*** Opening of Records to use ***

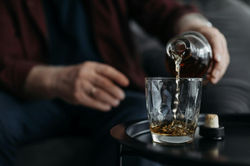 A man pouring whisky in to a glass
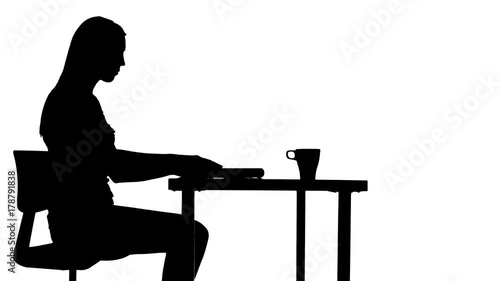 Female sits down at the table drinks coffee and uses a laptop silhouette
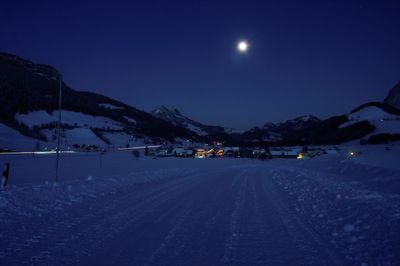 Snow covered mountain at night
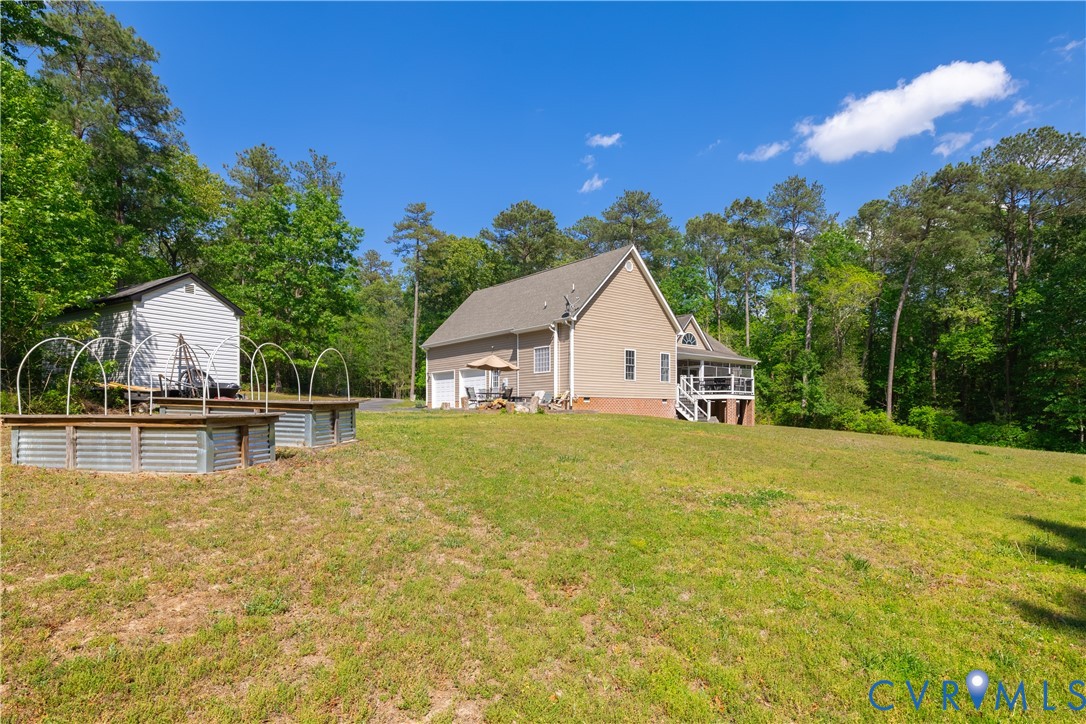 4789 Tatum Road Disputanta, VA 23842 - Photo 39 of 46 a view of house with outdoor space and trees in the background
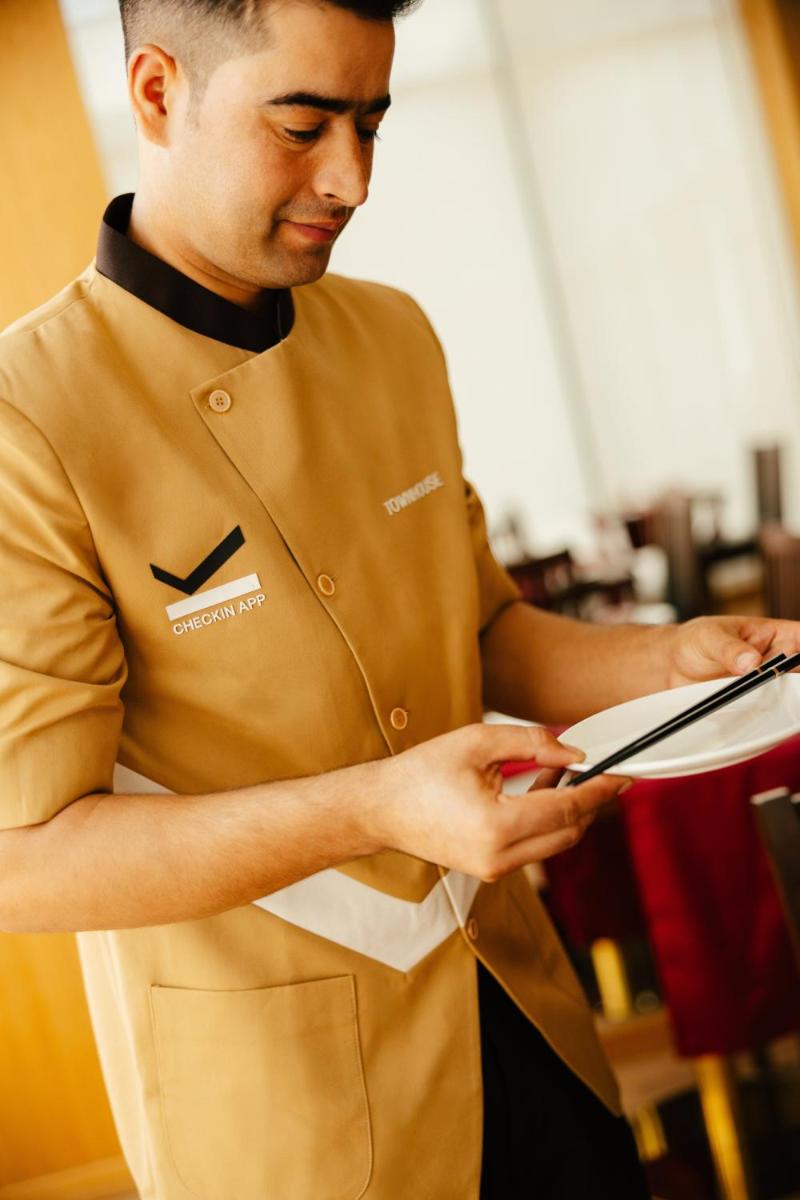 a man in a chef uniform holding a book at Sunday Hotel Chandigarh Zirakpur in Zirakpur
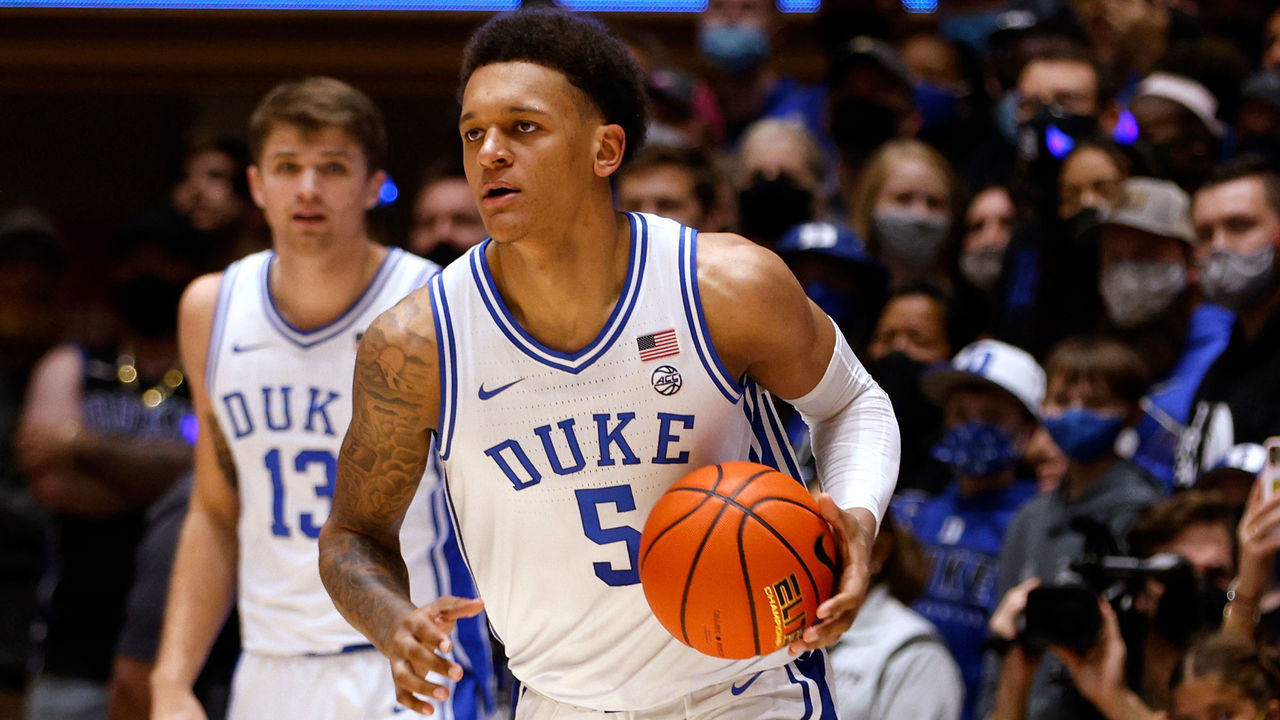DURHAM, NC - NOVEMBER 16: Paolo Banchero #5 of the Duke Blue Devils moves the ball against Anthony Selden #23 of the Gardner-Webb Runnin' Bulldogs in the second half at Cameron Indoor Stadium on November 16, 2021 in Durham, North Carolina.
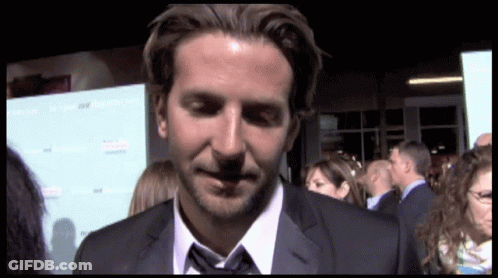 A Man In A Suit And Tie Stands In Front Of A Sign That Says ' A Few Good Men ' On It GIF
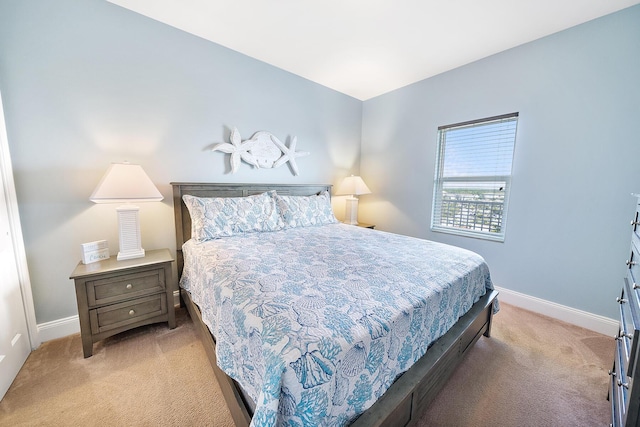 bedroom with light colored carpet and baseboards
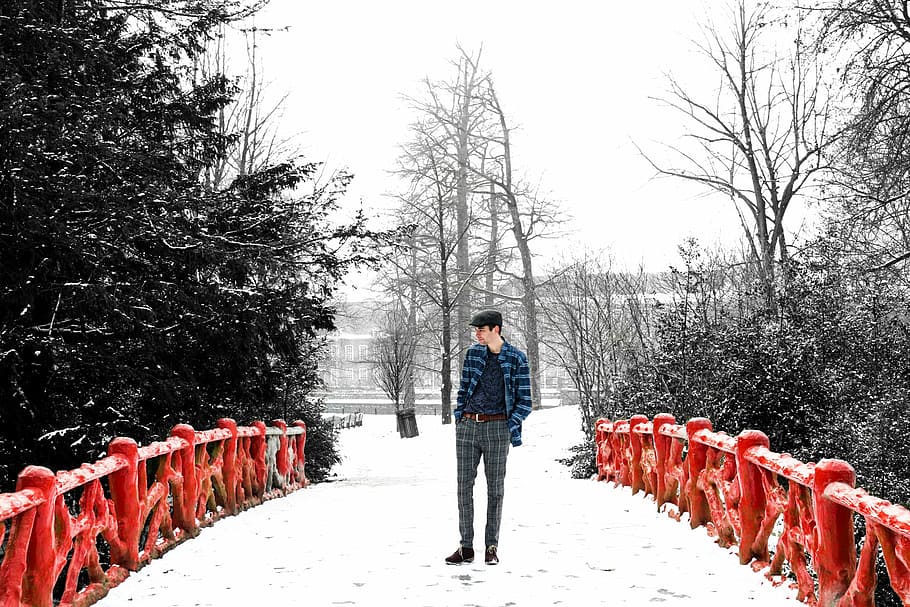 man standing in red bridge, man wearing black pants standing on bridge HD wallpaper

*** Close of Records to use ***
*** Opening of Records to use ***

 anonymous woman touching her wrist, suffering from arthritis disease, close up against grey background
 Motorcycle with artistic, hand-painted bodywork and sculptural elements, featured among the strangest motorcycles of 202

*** Close of Records to use ***
*** Opening of Records to use ***

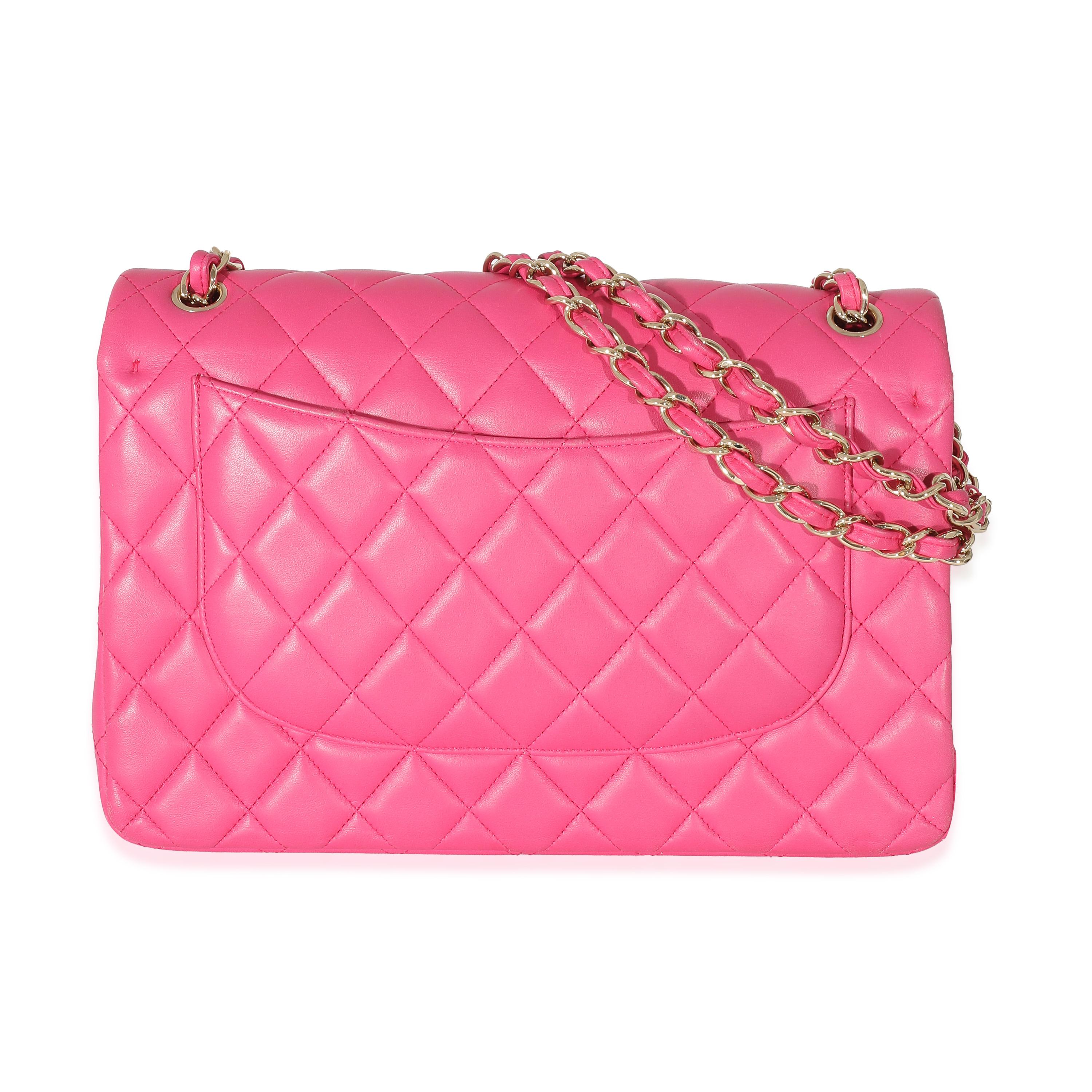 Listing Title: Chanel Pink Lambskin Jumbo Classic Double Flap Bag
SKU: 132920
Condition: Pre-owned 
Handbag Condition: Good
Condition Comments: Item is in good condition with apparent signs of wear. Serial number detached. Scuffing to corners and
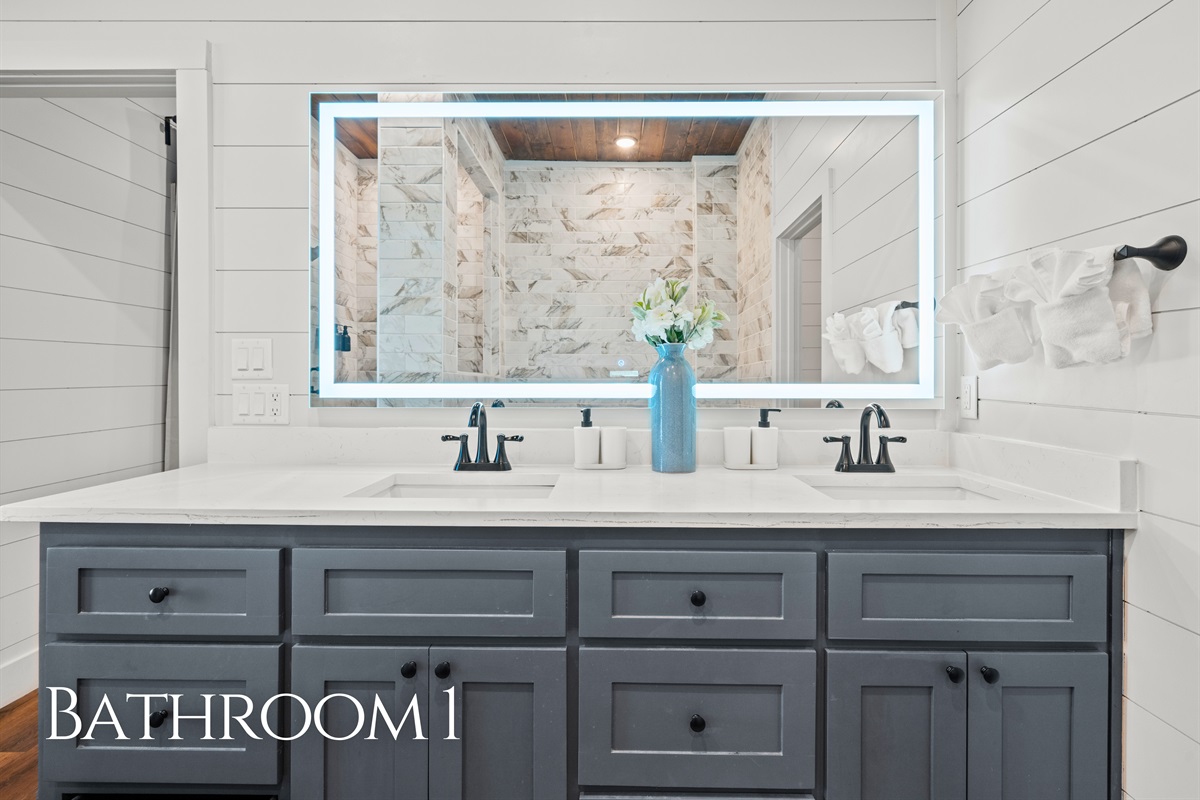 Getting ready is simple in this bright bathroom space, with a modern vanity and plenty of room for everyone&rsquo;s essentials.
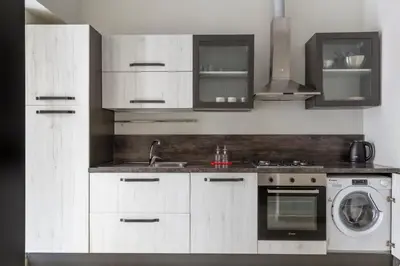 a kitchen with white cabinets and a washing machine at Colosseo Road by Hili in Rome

*** Close of Records to use ***

Problem requirements – For the entries above, print exactly the lines between the one with "A man pouring whisky in to a glass" and the one with "man standing in", inclusive, with no pictures.

Task output –
 A man pouring whisky in to a glass
 Female sits down at the table drinks coffee and uses a laptop silhouette
 Snow covered mountain at night
 4789 Tatum Road Disputanta, VA 23842 - Photo 39 of 46 a view of house with outdoor space and trees in the background
 a man in a chef uniform holding a book at Sunday Hotel Chandigarh Zirakpur in Zirakpur
DURHAM, NC - NOVEMBER 16: Paolo Banchero #5 of the Duke Blue Devils moves the ball against Anthony Selden #23 of the Gardner-Webb Runnin' Bulldogs in the second half at Cameron Indoor Stadium on November 16, 2021 in Durham, North Carolina.
 A Man In A Suit And Tie Stands In Front Of A Sign That Says ' A Few Good Men ' On It GIF
 bedroom with light colored carpet and baseboards
 man standing in red bridge, man wearing black pants standing on bridge HD wallpaper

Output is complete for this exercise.